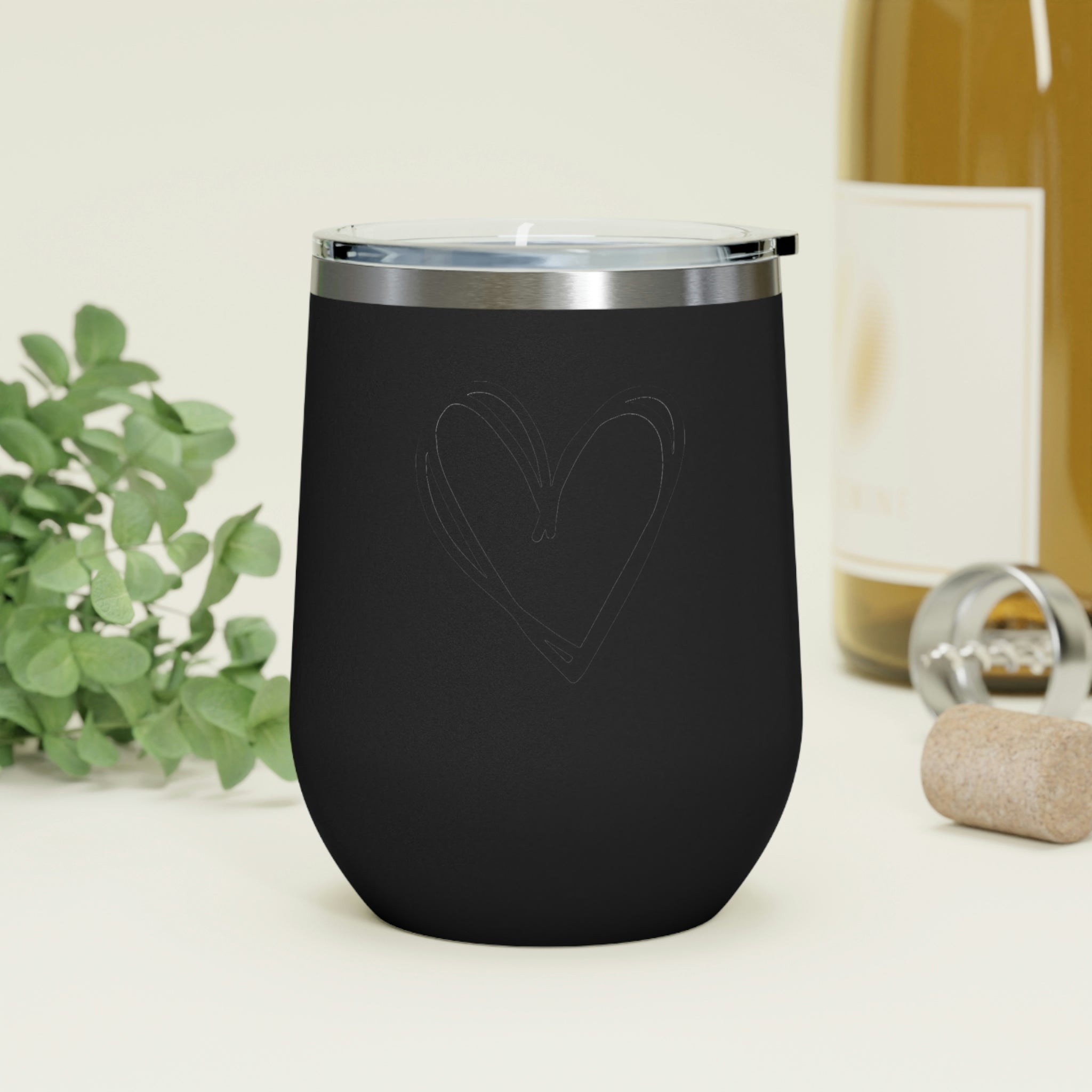 Hearts Wine Tumbler with double insulation and clear lid, showcasing heart design.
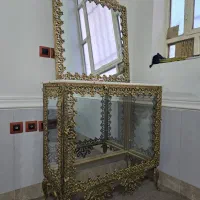 آینه  و بوفه برنز درحد نو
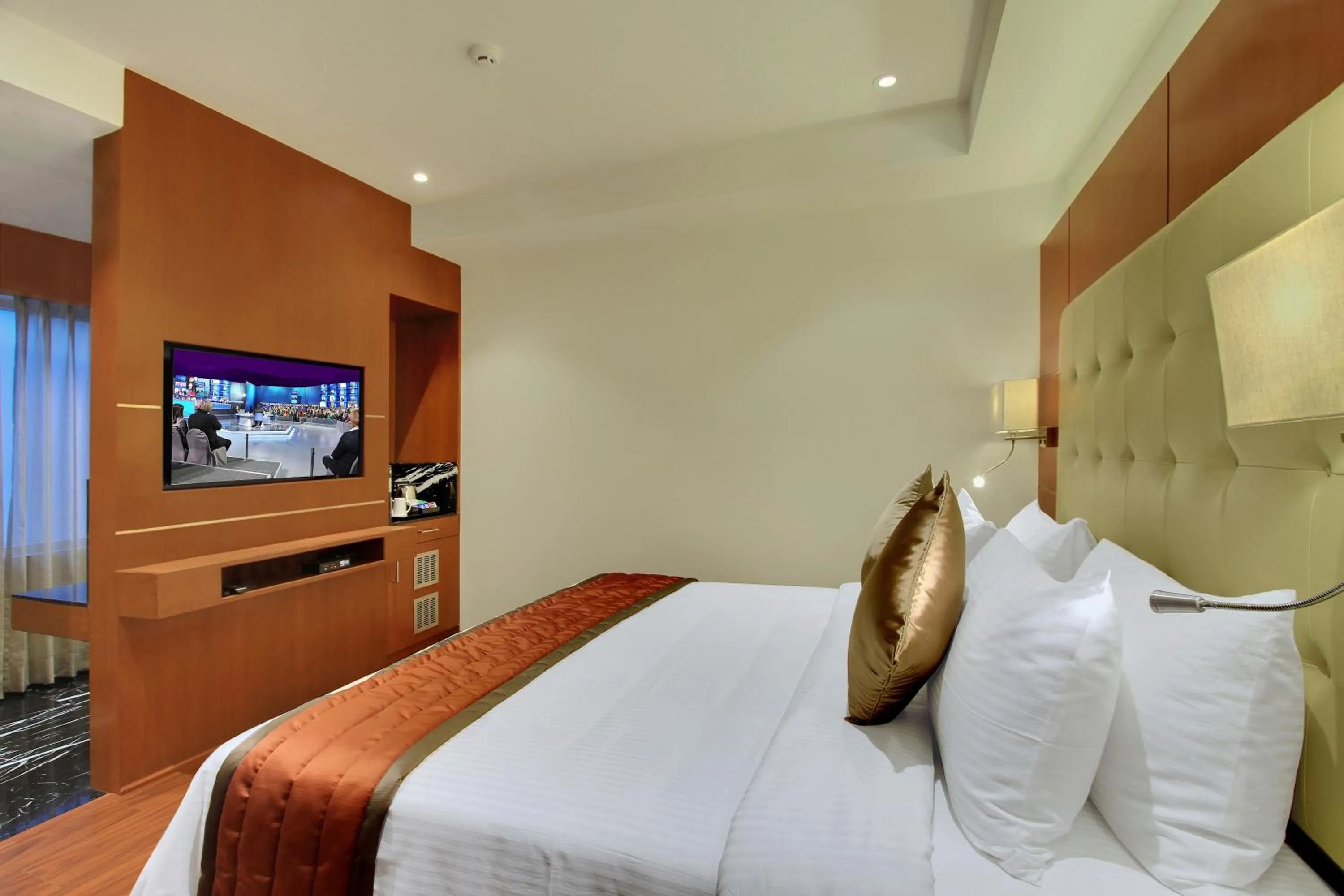 TV and multimedia, Bed in Comfort Inn Insys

● Directions: Would you output the data above exactly as written, but with no images?

● Problem solution:
 Hearts Wine Tumbler with double insulation and clear lid, showcasing heart design.
 آینه  و بوفه برنز درحد نو
 TV and multimedia, Bed in Comfort Inn Insys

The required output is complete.